Aim of the task: Only one stretch of lines is wanted: the line with "Italia Dopoguerra. Milano" through the final line of the material. Restate it word for word, minus pictures.
START Records supplied
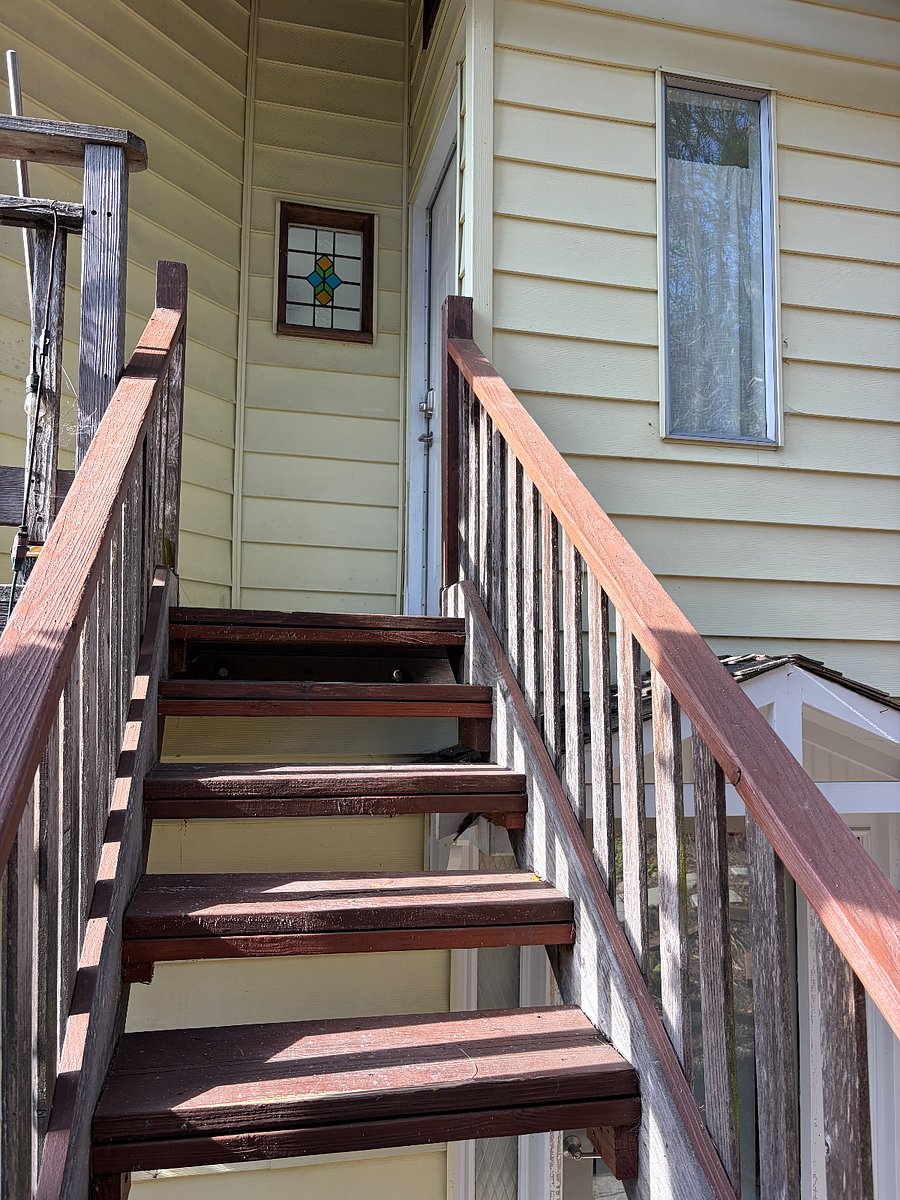 Stairs up to the studio entrance, wrap around balcony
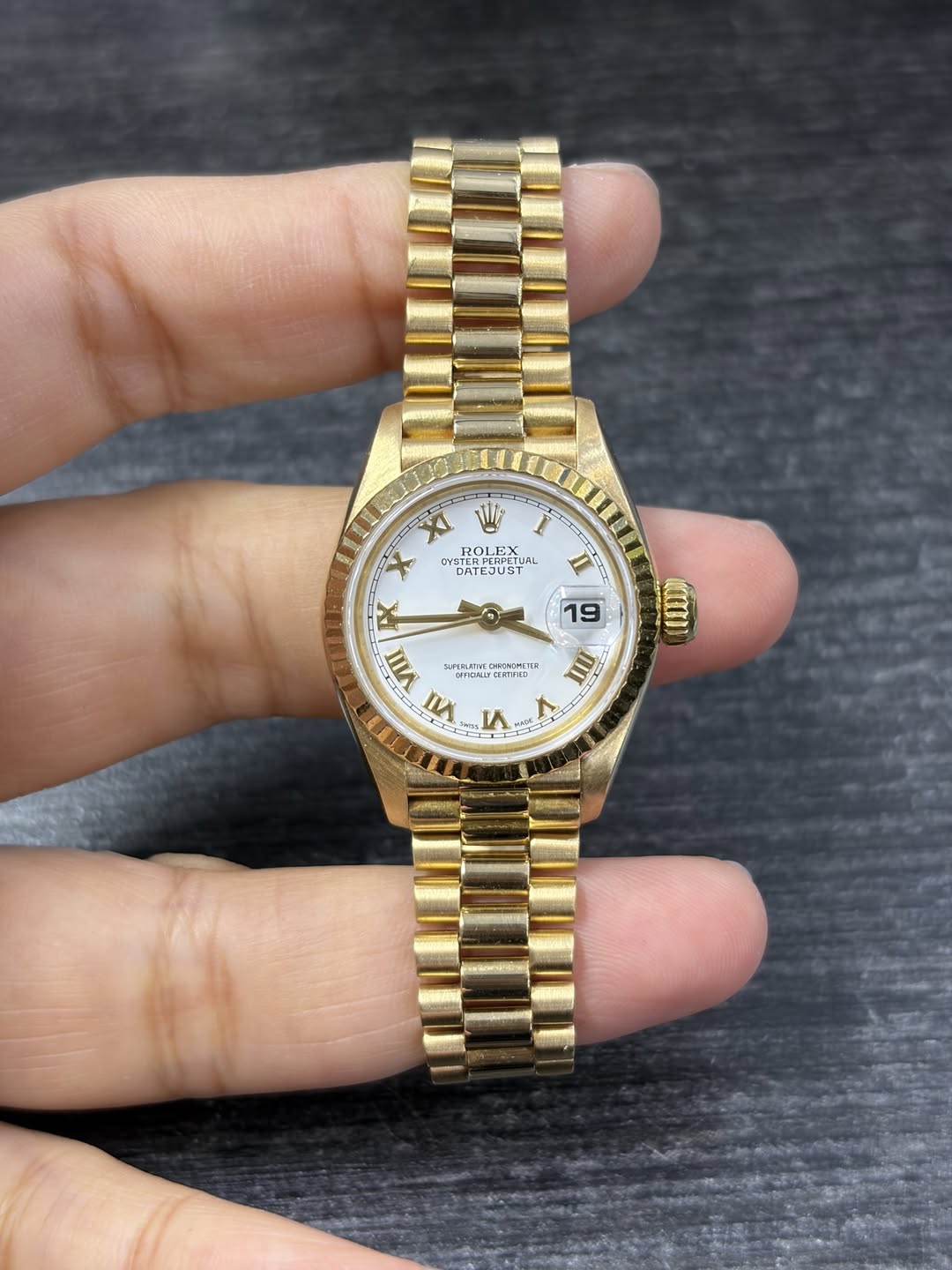 May be an image of wrist watch and text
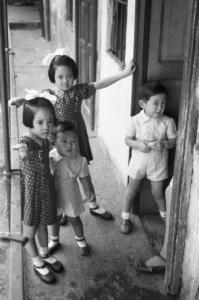Italia Dopoguerra. Milano - Quartiere cinese - gruppo di bambini sul ballatoio di una casa a ringhiera davanti alla soglia della loro abitazione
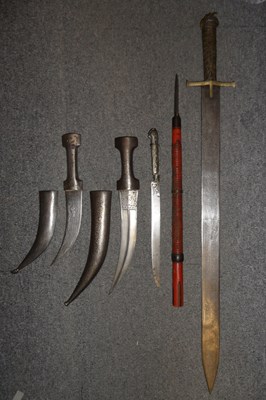 Lot 451 - A SUDANESE SWORD (KASKARA); TWO PERSIAN DAGGERS (JAMBIYA); A SHORT YATAGHAN DAGGER AND A JAPANESE SP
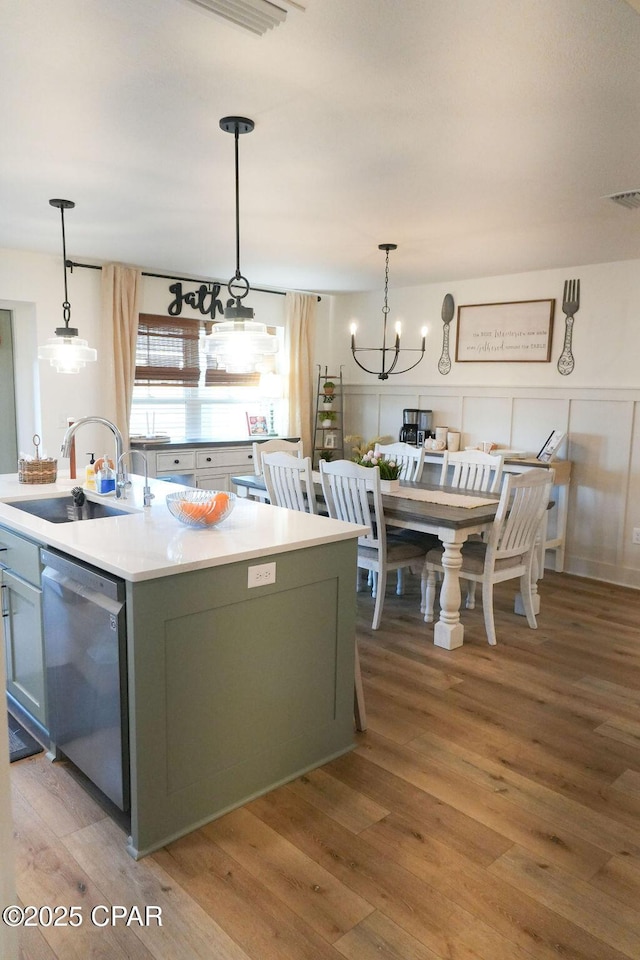 kitchen with visible vents, a sink, light wood-style floors, light countertops, and dishwasher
END Records supplied
Written solution:
Italia Dopoguerra. Milano - Quartiere cinese - gruppo di bambini sul ballatoio di una casa a ringhiera davanti alla soglia della loro abitazione
 Lot 451 - A SUDANESE SWORD (KASKARA); TWO PERSIAN DAGGERS (JAMBIYA); A SHORT YATAGHAN DAGGER AND A JAPANESE SP
 kitchen with visible vents, a sink, light wood-style floors, light countertops, and dishwasher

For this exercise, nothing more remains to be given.